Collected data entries
◇ ◇ ◇ ◇ ◇

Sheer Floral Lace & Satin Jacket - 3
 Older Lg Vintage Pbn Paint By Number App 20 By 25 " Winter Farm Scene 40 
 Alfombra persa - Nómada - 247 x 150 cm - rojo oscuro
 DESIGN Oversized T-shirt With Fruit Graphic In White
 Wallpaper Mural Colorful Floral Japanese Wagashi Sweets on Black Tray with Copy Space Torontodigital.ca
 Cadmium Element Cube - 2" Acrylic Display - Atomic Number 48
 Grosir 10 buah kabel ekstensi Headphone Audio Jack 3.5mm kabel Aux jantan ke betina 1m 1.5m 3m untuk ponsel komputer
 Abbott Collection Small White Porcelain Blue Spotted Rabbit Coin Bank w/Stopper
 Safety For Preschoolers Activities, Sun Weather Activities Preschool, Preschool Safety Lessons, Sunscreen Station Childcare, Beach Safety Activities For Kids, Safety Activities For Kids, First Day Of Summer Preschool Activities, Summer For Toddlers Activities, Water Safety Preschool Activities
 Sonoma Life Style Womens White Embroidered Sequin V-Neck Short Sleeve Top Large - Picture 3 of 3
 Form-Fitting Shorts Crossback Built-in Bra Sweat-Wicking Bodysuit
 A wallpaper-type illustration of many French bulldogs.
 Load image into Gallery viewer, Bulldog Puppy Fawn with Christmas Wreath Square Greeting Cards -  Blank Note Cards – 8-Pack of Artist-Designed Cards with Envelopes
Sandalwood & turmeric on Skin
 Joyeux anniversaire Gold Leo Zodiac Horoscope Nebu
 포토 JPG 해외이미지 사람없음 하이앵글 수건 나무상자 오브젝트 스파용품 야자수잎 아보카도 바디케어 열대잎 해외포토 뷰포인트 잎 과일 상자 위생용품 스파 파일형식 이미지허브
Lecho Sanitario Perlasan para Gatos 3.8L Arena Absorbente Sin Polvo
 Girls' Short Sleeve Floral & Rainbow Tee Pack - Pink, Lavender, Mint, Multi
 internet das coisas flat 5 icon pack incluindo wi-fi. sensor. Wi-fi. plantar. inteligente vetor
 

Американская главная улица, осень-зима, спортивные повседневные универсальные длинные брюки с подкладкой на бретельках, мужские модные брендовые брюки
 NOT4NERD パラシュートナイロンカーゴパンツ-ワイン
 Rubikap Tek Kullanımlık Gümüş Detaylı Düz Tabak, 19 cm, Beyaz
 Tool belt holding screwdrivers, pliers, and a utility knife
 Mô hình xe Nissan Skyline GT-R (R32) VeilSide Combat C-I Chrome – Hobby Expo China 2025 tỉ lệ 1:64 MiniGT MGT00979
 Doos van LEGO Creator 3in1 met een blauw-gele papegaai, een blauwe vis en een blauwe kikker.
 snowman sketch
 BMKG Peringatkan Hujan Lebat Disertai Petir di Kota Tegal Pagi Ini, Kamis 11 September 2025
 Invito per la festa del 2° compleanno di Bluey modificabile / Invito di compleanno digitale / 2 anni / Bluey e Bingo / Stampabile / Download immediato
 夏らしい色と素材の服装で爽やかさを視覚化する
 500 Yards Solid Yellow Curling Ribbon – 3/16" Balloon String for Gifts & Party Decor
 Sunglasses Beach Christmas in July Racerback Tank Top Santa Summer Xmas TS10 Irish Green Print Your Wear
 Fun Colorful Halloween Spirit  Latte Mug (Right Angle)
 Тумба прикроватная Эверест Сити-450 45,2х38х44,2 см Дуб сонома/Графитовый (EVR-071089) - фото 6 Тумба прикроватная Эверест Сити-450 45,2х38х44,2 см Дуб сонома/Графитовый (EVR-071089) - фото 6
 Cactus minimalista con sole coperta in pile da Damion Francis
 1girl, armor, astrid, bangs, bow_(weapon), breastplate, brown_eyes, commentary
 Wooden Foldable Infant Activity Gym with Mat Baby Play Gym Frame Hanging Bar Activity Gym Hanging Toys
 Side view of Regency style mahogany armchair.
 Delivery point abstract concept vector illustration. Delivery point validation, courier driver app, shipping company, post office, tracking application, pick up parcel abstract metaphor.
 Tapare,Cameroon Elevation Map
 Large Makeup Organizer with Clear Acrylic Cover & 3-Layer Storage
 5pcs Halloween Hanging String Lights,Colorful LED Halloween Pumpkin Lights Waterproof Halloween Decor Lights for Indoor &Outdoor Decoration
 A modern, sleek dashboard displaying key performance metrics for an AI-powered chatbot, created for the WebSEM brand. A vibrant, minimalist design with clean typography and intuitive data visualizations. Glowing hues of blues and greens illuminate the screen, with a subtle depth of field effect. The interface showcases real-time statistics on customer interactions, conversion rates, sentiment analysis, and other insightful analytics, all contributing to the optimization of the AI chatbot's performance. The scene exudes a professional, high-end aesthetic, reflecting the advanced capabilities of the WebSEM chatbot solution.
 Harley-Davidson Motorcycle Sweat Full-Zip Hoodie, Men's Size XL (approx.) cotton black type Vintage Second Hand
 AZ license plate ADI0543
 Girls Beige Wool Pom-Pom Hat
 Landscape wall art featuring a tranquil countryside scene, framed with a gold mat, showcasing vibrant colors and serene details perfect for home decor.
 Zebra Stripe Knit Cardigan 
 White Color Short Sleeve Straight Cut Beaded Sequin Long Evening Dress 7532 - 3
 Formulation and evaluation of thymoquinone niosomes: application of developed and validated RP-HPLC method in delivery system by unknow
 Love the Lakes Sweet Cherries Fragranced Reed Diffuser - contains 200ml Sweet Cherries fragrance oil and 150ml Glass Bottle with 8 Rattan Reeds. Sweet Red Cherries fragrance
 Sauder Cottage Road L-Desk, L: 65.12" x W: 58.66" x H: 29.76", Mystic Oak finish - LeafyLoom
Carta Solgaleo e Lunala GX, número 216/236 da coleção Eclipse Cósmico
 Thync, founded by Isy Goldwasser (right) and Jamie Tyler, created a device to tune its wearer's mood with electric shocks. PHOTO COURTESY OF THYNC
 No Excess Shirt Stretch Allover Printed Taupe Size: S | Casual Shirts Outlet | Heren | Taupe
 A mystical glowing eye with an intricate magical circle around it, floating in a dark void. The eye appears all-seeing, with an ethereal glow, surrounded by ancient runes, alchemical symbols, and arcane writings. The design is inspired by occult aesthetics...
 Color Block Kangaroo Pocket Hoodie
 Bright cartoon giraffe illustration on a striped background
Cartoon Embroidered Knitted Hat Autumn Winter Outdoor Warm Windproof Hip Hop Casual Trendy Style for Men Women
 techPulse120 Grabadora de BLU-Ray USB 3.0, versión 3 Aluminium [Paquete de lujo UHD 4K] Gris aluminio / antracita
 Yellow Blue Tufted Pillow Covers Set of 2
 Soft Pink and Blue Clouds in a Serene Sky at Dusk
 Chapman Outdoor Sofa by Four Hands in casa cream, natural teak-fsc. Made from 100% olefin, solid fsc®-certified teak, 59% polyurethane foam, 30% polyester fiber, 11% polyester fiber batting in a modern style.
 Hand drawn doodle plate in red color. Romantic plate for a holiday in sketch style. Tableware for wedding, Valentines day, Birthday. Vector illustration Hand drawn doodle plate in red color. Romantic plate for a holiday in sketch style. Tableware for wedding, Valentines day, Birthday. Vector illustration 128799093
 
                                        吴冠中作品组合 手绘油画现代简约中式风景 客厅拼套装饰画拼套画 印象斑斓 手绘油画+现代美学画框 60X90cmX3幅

◇ ◇ ◇ ◇ ◇

* **Work to complete**: Could you reproduce exactly the lines of the entries above, from the one with "Formulation and evaluation" through the one with "Carta Solgaleo e", and nothing else?

* **Response for this exercise**:
 Formulation and evaluation of thymoquinone niosomes: application of developed and validated RP-HPLC method in delivery system by unknow
 Love the Lakes Sweet Cherries Fragranced Reed Diffuser - contains 200ml Sweet Cherries fragrance oil and 150ml Glass Bottle with 8 Rattan Reeds. Sweet Red Cherries fragrance
 Sauder Cottage Road L-Desk, L: 65.12" x W: 58.66" x H: 29.76", Mystic Oak finish - LeafyLoom
Carta Solgaleo e Lunala GX, número 216/236 da coleção Eclipse Cósmico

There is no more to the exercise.